**Dataset records:**
----------

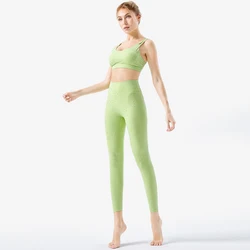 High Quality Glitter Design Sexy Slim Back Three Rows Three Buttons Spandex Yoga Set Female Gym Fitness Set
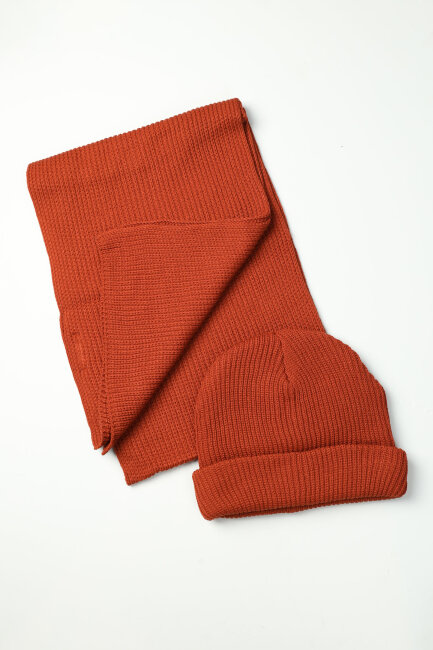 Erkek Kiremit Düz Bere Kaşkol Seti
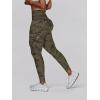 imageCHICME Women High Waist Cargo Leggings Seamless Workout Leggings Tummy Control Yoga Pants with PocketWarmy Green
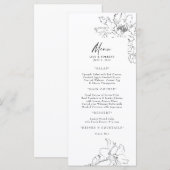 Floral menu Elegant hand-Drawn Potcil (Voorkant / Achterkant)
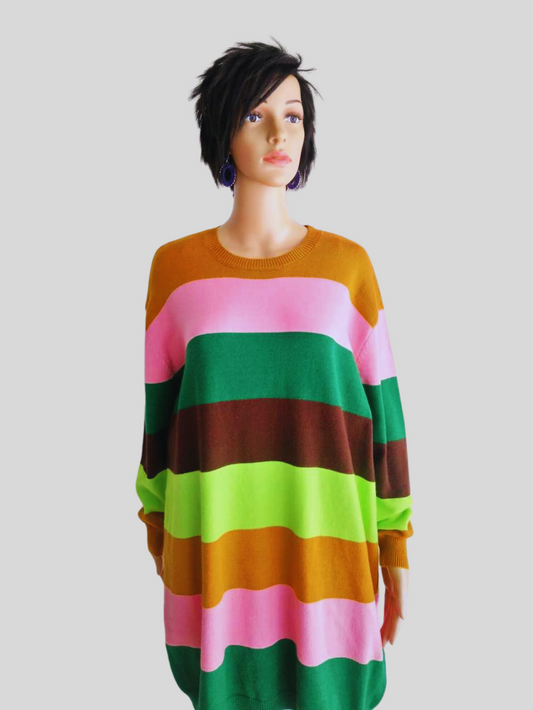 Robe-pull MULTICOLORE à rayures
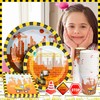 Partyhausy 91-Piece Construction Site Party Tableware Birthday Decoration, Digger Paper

----------

Please print the lines from the one holding "Erkek Kiremit Düz Bere Kaşkol Seti" through the end of the records above, unchanged and with the pictures left out.

**The answer:**
 Erkek Kiremit Düz Bere Kaşkol Seti
 imageCHICME Women High Waist Cargo Leggings Seamless Workout Leggings Tummy Control Yoga Pants with PocketWarmy Green
 Floral menu Elegant hand-Drawn Potcil (Voorkant / Achterkant)
 Robe-pull MULTICOLORE à rayures
 Partyhausy 91-Piece Construction Site Party Tableware Birthday Decoration, Digger Paper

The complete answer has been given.